Something a little like this








Minus the skulls. Any idea where I can get some? Also, what glue did you all use? I tried this crap from Jo Ann fabric that leaked through and ruined my other cloth, i heard the stuff from 3m is tits. Ideas? Thanks.


----------



## shawshank2 (Feb 26, 2007)

*Re: Black bandana cloth for a headliner? (MKFour)*

google?
http://www.google.com/products...UTF-8


----------



## MKFour (Apr 1, 2008)

*Re: Black bandana cloth for a headliner? (shawshank2)*

Thanks, but i was asking for people who have used similar cloth. Yes i read the diy/faq, yes ive googled.

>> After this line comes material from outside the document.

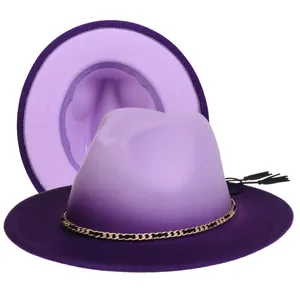 Detail of purple gradient fedora hat with gold chain band and black tassels on white base
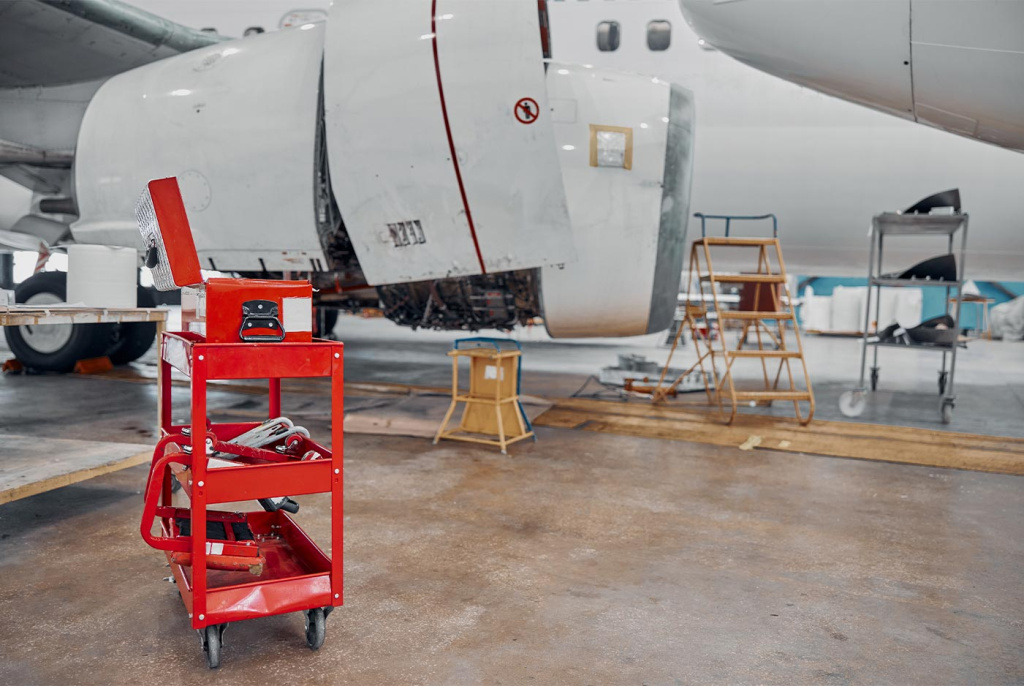 About Us 3 red mechanic cart with tools in aviation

Yes its a shot in the dark. You dont have to heckle me about it.


----------



## Bnana (Aug 30, 2007)

*Re: Black bandana cloth for a headliner? (MKFour)*

i want some black banana headliner


----------



## shawshank2 (Feb 26, 2007)

*Re: Black bandana cloth for a headliner? (MKFour)*


_Quote, originally posted by *MKFour* »_Any idea where I can get some?

http://****************.com/smile/emthup.gif google link 

_Quote, originally posted by *MKFour* »_Thanks, but i was asking for people who have used similar cloth. 

and where does it ask about people using similar cloth???

_Quote, originally posted by *MKFour* »_
Minus the skulls. Any idea where I can get some? Also, what glue did you all use? I tried this crap from Jo Ann fabric that leaked through and ruined my other cloth, i heard the stuff from 3m is tits. Ideas? Thanks.


_Quote, originally posted by *MKFour* »_ Yes i read the diy/faq,

if this is a true statement, you would know what kind of 3m glue to use


_Modified by shawshank2 at 9:20 PM 5-13-2008_


----------



## MKFour (Apr 1, 2008)

*Re: Black bandana cloth for a headliner? (shawshank2)*


_Quote, originally posted by *shawshank2* »_
http://****************.com/smile/emthup.gif google link 


Thanks, that is a pretty good site in the first link.

_Quote »_

and where does it ask about people using similar cloth???


In my second post in the thread









_Quote »_
if this is a true statement, you would know what kind of 3m glue to use

_Modified by shawshank2 at 9:20 PM 5-13-2008_

Im not sure which ti use since i saw several mentioned for warm climates.


----------



## oopseyesharted (Mar 2, 2005)

*Re: Black bandana cloth for a headliner? (MKFour)*

you can get the fabric at joanne fabrics, but I would be careful with it. It is VERY thin and will show glue VERY easily.
You should just go gorilla!!!!!!!!!


----------



## where_2 (Jul 21, 2003)

*Re: Black bandana cloth for a headliner? (MKFour)*


_Quote, originally posted by *MKFour* »_Im not sure which ti use since i saw several mentioned for warm climates.


Use one of the ones mentioned for warm climates. FLORIDA is a WARM CLIMATE. Since you forgot which one that was you wanted to use, it's _*3M 90 Super Strength Adhesive*_.


----------



## 2a2gtis (Jan 31, 2008)

*Re: Black bandana cloth for a headliner? (oopseyesharted)*


_Quote, originally posted by *oopseyesharted* »_you can get the fabric at joanne fabrics, but I would be careful with it. It is VERY thin and will show glue VERY easily.
You should just go gorilla!!!!!!!!!








 YES....GO rilla


----------